Have you encountered any issues with newer GPU's and the version of pytorch that is built into the images in the tutorial? Is there a known workaround for this?

Thanks in advance!

trengrj commented 2 years ago

Transferring to transformers module repository

trengrj commented 2 years ago

Can confirm this issue. Using a GTX 3090 I could fix inside the container by reinstalling torch with --extra-index-url https://download.pytorch.org/whl/cu116

root@C.5407541:/app$ ENABLE_CUDA=1 NVIDIA_VISIBLE_DEVICES=all uvicorn app:app --host 0.0.0.0 --port 8080
INFO:     Started server process [382]
INFO:     Waiting for application startup.
INFO:     CUDA_CORE set to cuda:0
/usr/local/lib/python3.9/site-packages/torch/cuda/__init__.py:146: UserWarning:
NVIDIA GeForce RTX 3090 with CUDA capability sm_86 is not compatible with the current PyTorch installation.
The current PyTorch install supports CUDA capabilities sm_37 sm_50 sm_60 sm_70.
If you want to use the NVIDIA GeForce RTX 3090 GPU with PyTorch, please check the instructions at https://pytorch.org/get-started/locally/

  warnings.warn(incompatible_device_warn.format(device_name, capability, " ".join(arch_list), device_name))
INFO:     Application startup complete.
INFO:     Uvicorn running on http://0.0.0.0:8080 (Press CTRL+C to quit)
^CINFO:     Shutting down
INFO:     Waiting for application shutdown.
INFO:     Application shutdown complete.
INFO:     Finished server process [382]
root@C.5407541:/app$ pip3 install --upgrade torch==1.12.0 --extra-index-url https://download.pytorch.org/whl/cu116
Looking in indexes: https://pypi.org/simple, https://download.pytorch.org/whl/cu116
Requirement already satisfied: torch==1.12.0 in /usr/local/lib/python3.9/site-packages (1.12.0)
Collecting torch==1.12.0
  Downloading https://download.pytorch.org/whl/cu116/torch-1.12.0%2Bcu116-cp39-cp39-linux_x86_64.whl (1904.6 MB)
     ━━━━━━━━━━━━━━━━━━━━━━━━━━━━━━━━━━━━━━━━ 1.9/1.9 GB 1.1 MB/s eta 0:00:00
Requirement already satisfied: typing-extensions in /usr/local/lib/python3.9/site-packages (from torch==1.12.0) (4.4.0)
Installing collected packages: torch
  Attempting uninstall: torch
    Found existing installation: torch 1.12.0
    Uninstalling torch-1.12.0:
      Successfully uninstalled torch-1.12.0
Successfully installed torch-1.12.0+cu116
WARNING: Running pip as the 'root' user can result in broken permissions and conflicting behaviour with the system package manager. It is recommended to use a virtual environment instead: https://pip.pypa.io/warnings/venv
WARNING: You are using pip version 22.0.4; however, version 22.3 is available.
You should consider upgrading via the '/usr/local/bin/python -m pip install --upgrade pip' command.
root@C.5407541:/app$ ENABLE_CUDA=1 NVIDIA_VISIBLE_DEVICES=all uvicorn app:app --host 0.0.0.0 --port 8080
INFO:     Started server process [413]
INFO:     Waiting for application startup.
INFO:     CUDA_CORE set to cuda:0
INFO:     Application startup complete.
INFO:     Uvicorn running on http://0.0.0.0:8080 (Press CTRL+C to quit)

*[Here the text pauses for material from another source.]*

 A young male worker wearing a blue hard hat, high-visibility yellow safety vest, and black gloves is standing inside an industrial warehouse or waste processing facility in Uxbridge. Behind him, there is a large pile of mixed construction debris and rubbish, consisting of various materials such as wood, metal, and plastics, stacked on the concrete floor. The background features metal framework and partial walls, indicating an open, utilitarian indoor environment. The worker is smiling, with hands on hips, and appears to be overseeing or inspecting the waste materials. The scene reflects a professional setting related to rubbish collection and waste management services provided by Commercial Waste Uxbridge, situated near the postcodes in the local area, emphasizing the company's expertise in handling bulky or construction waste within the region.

clotodex commented 1 year ago

Is there any progress on this, or an easy way to fix it without forking the repo and setting individual pytorch and cuda versions? I am running into the same issue with my RTX card.

frostronic commented 1 month ago

I'm also having this issue in 2024. Except I'm experiencing this issue with an RTX5000 series card. NVIDIA drivers are setup correctly and the hardware is seen and being used by the Ollama container. I see the topic is still open, is there a recommended solution/work-around?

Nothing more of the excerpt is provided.